What the Bible Says
As helpful as Christians from the first few centuries of the church can be, we must ultimately derive our beliefs from the same book they had access to: God’s Word.
Although biblical narratives can present the facts without weighing in on whether the actions of the people described were right or not, the Book of Acts details some narratives we should take into consideration.
For one, when Saul had converted in Damascus and began preaching boldly, his opposition planned to kill him. When Saul’s disciples discovered this, they “took him by night and let him down through an opening in the wall, lowering him in a basket” (Acts 9:25).
Saul was still new to the faith, as were his disciples, so it is possible they were wrong to flee persecution. But there are more examples to consider.
A few verses later we find Saul in Jerusalem. He argues with the Hellenists, who may have been part of the same synagogue that he was and that killed Stephen. They in turn plot to kill Saul. The passage then reads, “And when the brothers learned this, they brought him down to Caesarea and sent him off to Tarsus” (Acts 9:30).
The possibility of the believers being wrong in this action is very slim. First, there is no dissention mentioned. The believers are described as unified in sending Saul off, and both Barnabas and the apostles are mentioned as being present and having met with Saul in verse 27. Their consent is quite likely implied, and after fleeing and abandoning Christ in the garden, it is quite unlikely that they would encourage Saul to flee if they viewed fleeing persecution the same way as abandoning and denying Christ.
But perhaps Jesus’ statement helps shed more light on the actions of Saul and the believers in Acts 9. He says in Matthew 10:23, “When they persecute you in one town, flee to the next, for truly, I say to you, you will not have gone through all the towns of Israel before the Son of Man comes.”
The greater context shows Jesus speaking to the twelve prior to sending them out.

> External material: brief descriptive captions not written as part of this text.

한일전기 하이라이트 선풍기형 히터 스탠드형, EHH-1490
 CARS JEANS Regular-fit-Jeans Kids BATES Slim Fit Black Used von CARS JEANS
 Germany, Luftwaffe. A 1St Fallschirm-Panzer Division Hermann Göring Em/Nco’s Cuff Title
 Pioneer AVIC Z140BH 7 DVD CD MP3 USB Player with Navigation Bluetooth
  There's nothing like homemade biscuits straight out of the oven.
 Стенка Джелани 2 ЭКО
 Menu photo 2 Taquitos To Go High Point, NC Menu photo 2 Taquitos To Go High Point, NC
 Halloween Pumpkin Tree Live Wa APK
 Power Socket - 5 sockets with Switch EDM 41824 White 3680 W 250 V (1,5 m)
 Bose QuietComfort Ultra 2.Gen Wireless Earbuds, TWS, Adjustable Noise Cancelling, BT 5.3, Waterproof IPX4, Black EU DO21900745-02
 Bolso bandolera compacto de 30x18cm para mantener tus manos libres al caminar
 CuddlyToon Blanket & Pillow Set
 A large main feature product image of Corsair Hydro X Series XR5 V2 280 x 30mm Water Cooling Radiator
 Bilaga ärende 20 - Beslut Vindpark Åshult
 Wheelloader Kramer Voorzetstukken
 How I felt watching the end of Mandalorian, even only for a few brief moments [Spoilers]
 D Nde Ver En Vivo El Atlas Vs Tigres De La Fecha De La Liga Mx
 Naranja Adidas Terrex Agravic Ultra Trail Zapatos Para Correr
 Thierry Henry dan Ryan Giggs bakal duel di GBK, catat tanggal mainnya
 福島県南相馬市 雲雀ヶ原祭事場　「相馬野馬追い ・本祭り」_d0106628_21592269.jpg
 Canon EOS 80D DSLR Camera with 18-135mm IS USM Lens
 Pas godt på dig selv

The context also shows that these words were not just specific to that one “mission trip” of the disciples, but referred to the time after the church was established, since He also says,
Beware of men, for they will deliver you over to courts and flog you in their synagogues, and you will be dragged before governors and kings for my sake, to bear witness before them and the Gentiles. When they deliver you over, do not be anxious how you are to speak or what you are to say, for what you are to say will be given to you in that hour. For it is not you who speak, but the Spirit of your Father speaking through you. Brother will deliver brother over to death, and the father his child, and children will rise against parents and have them put to death, and you will be hated by all for my name’s sake. But the one who endures to the end will be saved (Matt 10:17-22).
Although the Bible has much to say about persecution and martyrdom, I have to be brief here. I have not argued that fleeing persecution is the only appropriate response. As for those in Egypt, some will stay and some will go. Some may die for the faith. We need not second-guess every missionary’s decision in this matter, but we should pray that they would be submissive to the leading of the Holy Spirit.